I just had this conversation in Wal-Mart with the Eagle but two days ago (or was it three?  >:D).

I said teapot instead of teakettle in talking about something for which I wanted to go look.  He corrected me.  I asked him if it really mattered and he asked me if I would rather walk around being wrong.

I told him he knew exactly what I meant and did it really matter?  He replied that he would rather be corrected than walk around being wrong.  I actually agreed with him but added a strong caveat of, "Except for when it isn't important.  You knew what I meant, I knew what I meant, and it wasn't like I asked you to go look for one.  I was just talking about where I wanted to head next (the housewares section).  It's annoying when you do that and actually a little rude.  It really ticks off some people because you're obsessing over unimportant stuff and are completely ignoring the point.  Do you really want to upset people over such a stupid little detail?"  He didn't say anything about it after that.  We'll see if anything changes.

This would totally be my mom--the one who said the wrong (but pretty close, and fairly unimportant) word. When I was younger I was a terribly bratty know-it-all and would have corrected her, but now I try to only question her if I actually don't know what she means, and if not knowing makes a difference. And then I try to do it in a straight-forward manner, like, "Was that teaPOT or teaKETTLE?" very matter-of-fact, just so we're both on the same page about what to look for. People say the wrong word all the time; it irks me when someone tries to turn a minor mistake into some kind of moral judgment.

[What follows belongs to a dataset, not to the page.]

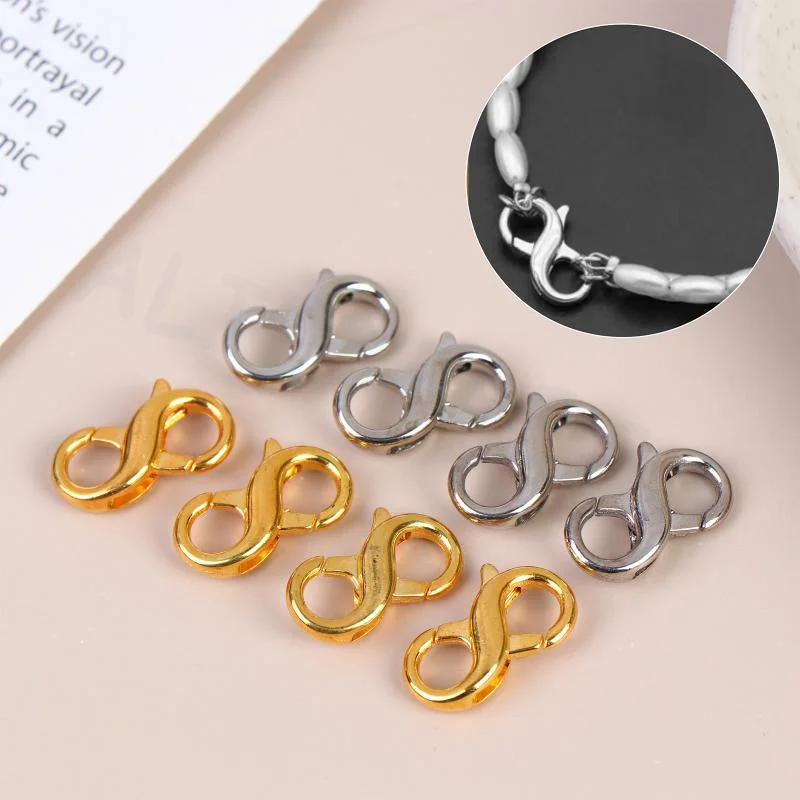 Figure Eight Lobster Clasp Connectors for Key Ring Jewelry DIY Quick Attachment for Craft Accessories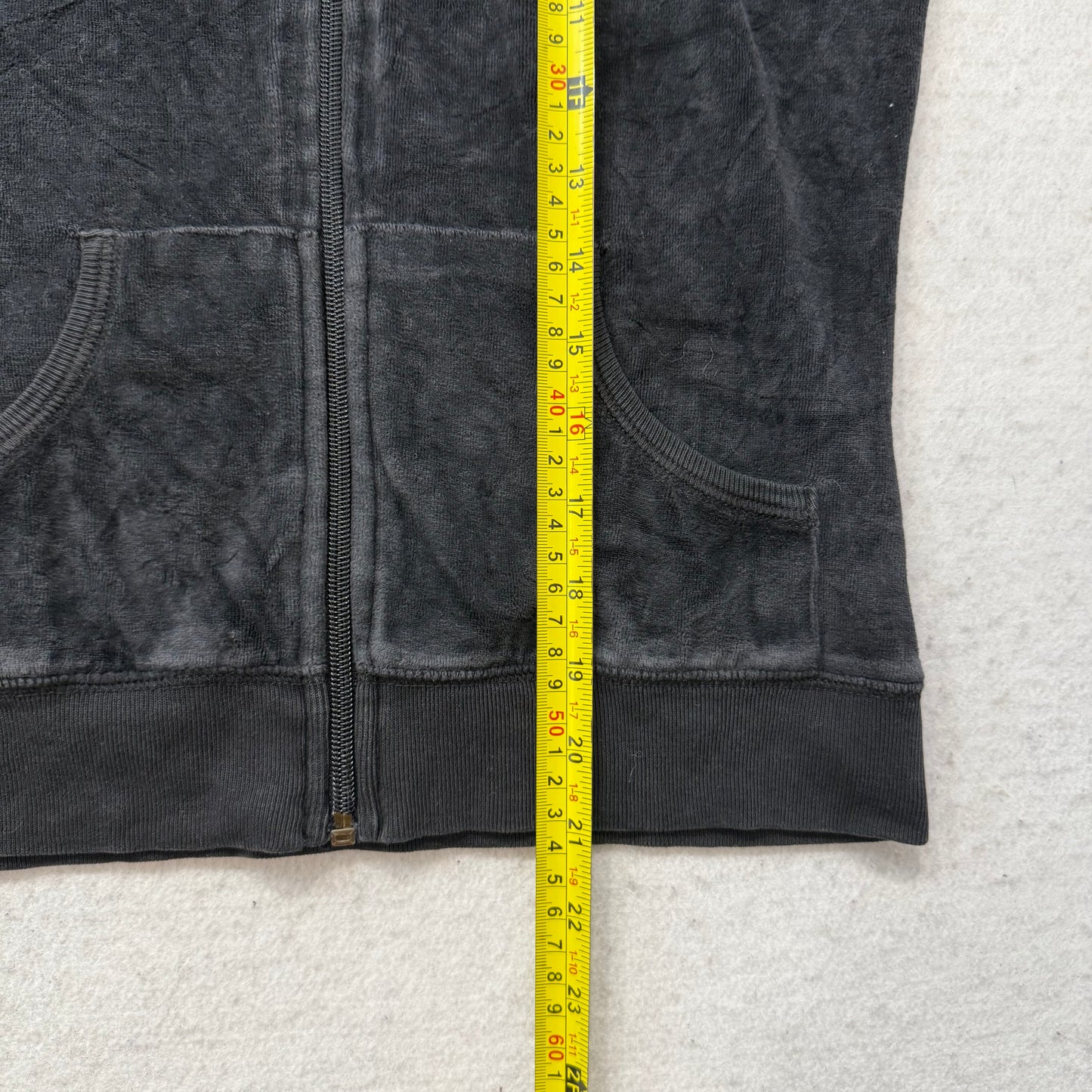 Juicy Couture Black Velour Tracksuit Set Zip Up Hoodie & Flared Pant Logo Size S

O/T- Feel free to judge my morals- in my world teapot and teakettle are interchangeable and people avoid teakettle for sounding a bit twee... whats the difference?

Its not about morals at all, its about vocabulary. A kettle is what you boil the water in and the teapot is what you make tea in and serve from.

That said, they are probably sold near each other at Walmart, so finding one would mean finding the other and the specifics are moot.

Thanks :) I had always heard teapot used for both and thought kettle was just an old fashioned way of phrasing the same thing. Learn something new every day.